A special purpose learning system assumes knowledge of admissible tasks at design time. Adapting such a system to unforeseen tasks requires architecture manipulation such as adding an output head for each new task or dataset. In this work, we propose a task-agnostic vision-language system that accepts an image and a natural language task description and outputs bounding boxes, confidences, and text. The system supports a wide range of vision tasks such as classification, localization, question answering, captioning, and more. We evaluate the system's ability to learn multiple skills simultaneously, to perform tasks with novel skill-concept combinations, and to learn new skills efficiently and without forgetting.
GPV-I is a general purpose vision-language architecture that can learn and perform any task that requires bounding boxes or text prediction. We demonstrate the effectiveness of GPV-I by jointly training it on VQA, Captioning, Localization, and Classification tasks and achieveing favorable performance in comparison to specialized single-task models.

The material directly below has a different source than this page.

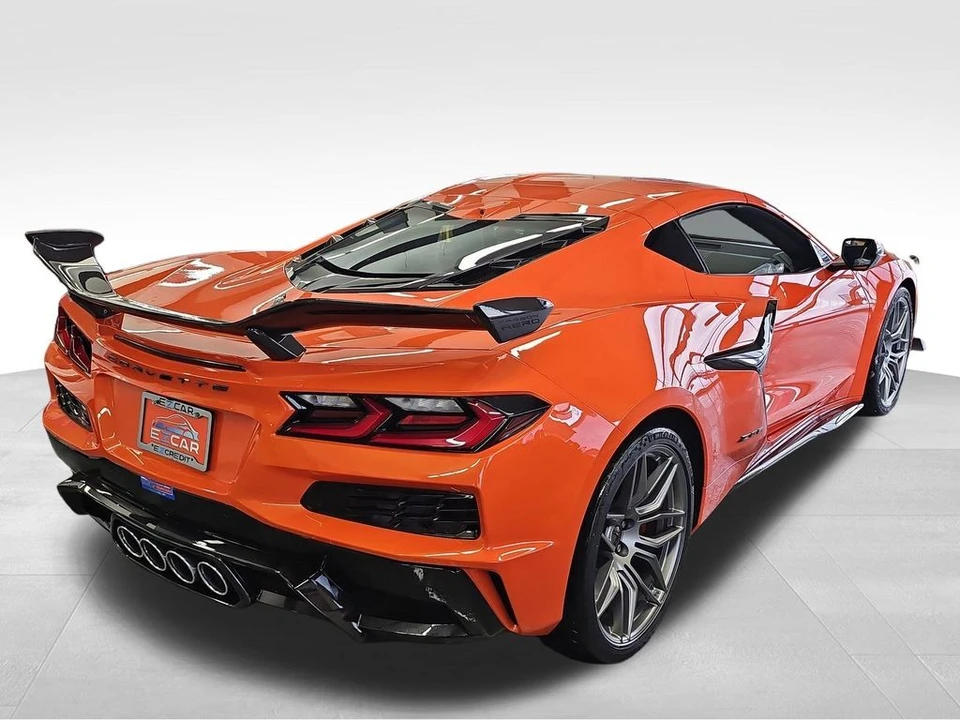 2026 Chevrolet Corvette C8 Z06 - Image 13 of 21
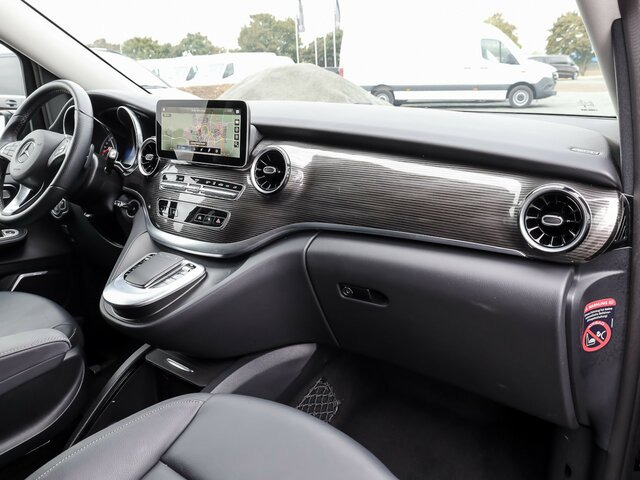 Leasing of MERCEDES-BENZ V 300 Avantgarde Extralang,2xSchiebetür el.,AHK... MERCEDES-BENZ V 300 Avantgarde Extralang,2xSchiebetür el.,AHK...: picture 7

GPV-I consisting of a visual encoder, language encoder, vision-language co-attention module, and output heads for the supported output modalities - boxes, relevance scores, and text. We use the CNN backbone and the transformer encoder-decoder from DETR, an end-to-end trainable object detector. The natural language task description is encoded with BERT. To cross-contextualize representations from the visual and language encoders, we use ViLBERT's co-attention module. Box and objectness heads predict task-agnostic bounding boxes and scores. Relatedness head predicts a task-specific score for each output box that is combined with the objectness scores to obtain relevance scores. The text decoder is a transformer decoder that auto-regressively generates text output while using relevance-conditioned representations produced by the cross-modal module as memory.